El español Rafael Nadal dejó ayer una inmensa huella en la historia del tenis al arrasar a su compatriota David Ferrer en tres mangas (6-3, 6-2 y 6-3) para conquistar por octava vez Roland Garros.
Nadie nunca se había llevado ocho veces el trofeo de campeón en un torneo de Grand Slam. El balear lo hizo a los 27 años, y todo indica que, si ningún problema físico serio vuelve a interponerse en su camino, su cuenta en la capital gala no se detendrá.
«Es una de mis victorias más especiales», precisó el manacorí, que sumó su séptimo título en nueve torneos desde que regresara al tenis tras siete meses de ausencia por una doble lesión de rodilla.
La cuarta final nacional de la Historia en el más codiciado de los certámenes sobre arcilla terminó como se imaginaba, con Nadal sumando un título más a la saga iniciada por Manolo Santana en 1961 y continuada por Andrés Gimeno, Sergi Bruguera, Carlos Moyá, Albert Costa y Juan Carlos Ferrero.
Bajo un cielo tormentoso -el duelo llegó a jugarse en varias fases bajo una fina lluvia- y con bajas temperaturas, la pista Philippe Chatrier ofrecía algún resquicio de esperanza para el alicantino. «Hace frío, la bola no va a estar tan viva. Ferrer tiene alguna posibilidad», manifestó antes del choque el sueco Mats Wilander.
Si la tenía, no era su día. El veterano jugador, de 31 años, probablemente se sintiera a las puertas del infierno descrito por Dante: «Abandonen toda esperanza». Se confirmaba lo que sugería la estadística previa a la final, con 19 triunfos del mallorquín sobre el de Jávea en 23 encuentros.
Fue duro para el levantino, que intentó todo en su primera final de ‘Grand Slam’, pero se encontró con una mala combinación: no tuvo el día perfecto y enfrente se le desplegó en toda su dimensión un ‘monstruo’ del tenis.

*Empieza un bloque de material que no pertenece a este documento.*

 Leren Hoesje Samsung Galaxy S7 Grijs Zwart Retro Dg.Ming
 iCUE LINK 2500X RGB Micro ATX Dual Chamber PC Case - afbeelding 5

Ferrer debía ser el clon de Nadal, devolviendo siempre una pelota más. Lo fue, pero entonces el campeón redobló la apuesta para convertirse en una imagen de sí mismo hasta desesperar a su rival.

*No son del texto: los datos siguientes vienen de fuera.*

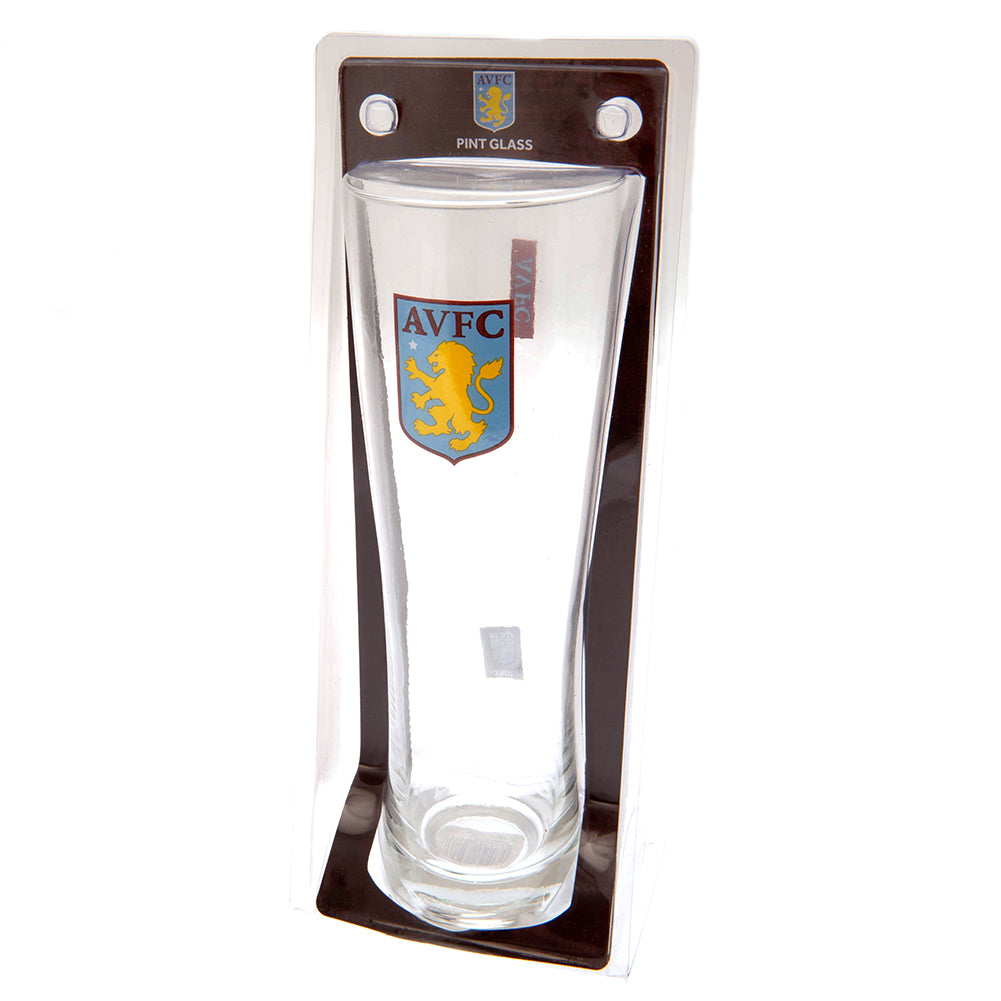 Aston Villa FC Official Tall Beer Glass - 20oz Premium Pint Glass for Beer, Soda, Cocktails - Perfect for Football Fans, Game Day Parties, and Home Bar Decor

Tras ganar su primer saque para adelantarse 1-0, el pupilo de Javier Piles comenzó a enredarse. Perdió el servicio, aunque, posteriormente, lo recuperó y se colocó 3-2. Había final.
No, no la había. Aquel 3-2 fue el último momento de esperanza para él, porque, a partir de entonces, su adversario encadenó siete juegos consecutivos hasta situarse con un cómodo 6-3 y 3-0.
Sin recursos
La final es mía, le decía Nadal a Ferrer. ¿Y qué podía hacer el alicantino? Se había aplicado con el plan previsto, jugar dentro de la cancha, no permitir que la pelota envenenada del rival lo superara, atacar al revés… Sin embargo, nada le salía cómo esperaba.
El último vestigio de Ferrer fue aplastado por el exnúmero uno en el quinto juego del segundo parcial. El de Jávea entregó todo lo que tenía y se encontró con una hidra del tenis capaz de devolverle todos los golpes y de lanzar el último al rincón al que ya no se puede llegar: 4-1 para Nadal y su rival que se iba cabizbajo a la silla.
Ni siquiera el intruso que saltó a la pista con una bengala frenó la dinámica. Mientras un guardaespaldas se pegaba a él, el zurdo miraba de reojo como los efectivos de seguridad reducían al extraño personaje. Entonces, tranquilizó al escolta, le estrechó la mano y le dijo que podía irse ya. Quería jugar, tenía mucha prisa por jugar y ganar, porque el cielo de París estaba muy cargado.
Tanto, que la final estuvo cerca de suspenderse cuando comenzó a llover con fuerza. Pero el agua cedió y el manacorí aceleró hacia el título neutralizando un par de oportunidades que Ferrer volvió a tener para acortar distancias.
Distancia sideral. Un saque abierto a la derecha del levantino y una derecha invertida, a contrapié, le dio al mallorquín el octavo, el triunfo que no imaginaba posible en aquellos siete meses fuera del tenis, días en los que, más de una vez, pensó que ya no volvería a ser el que fue. De espaldas, sobre la arcilla de París, con los ojos cerrados y tapándose el rostro con las manos, Nadal confirmó ayer que es más Nadal que nunca.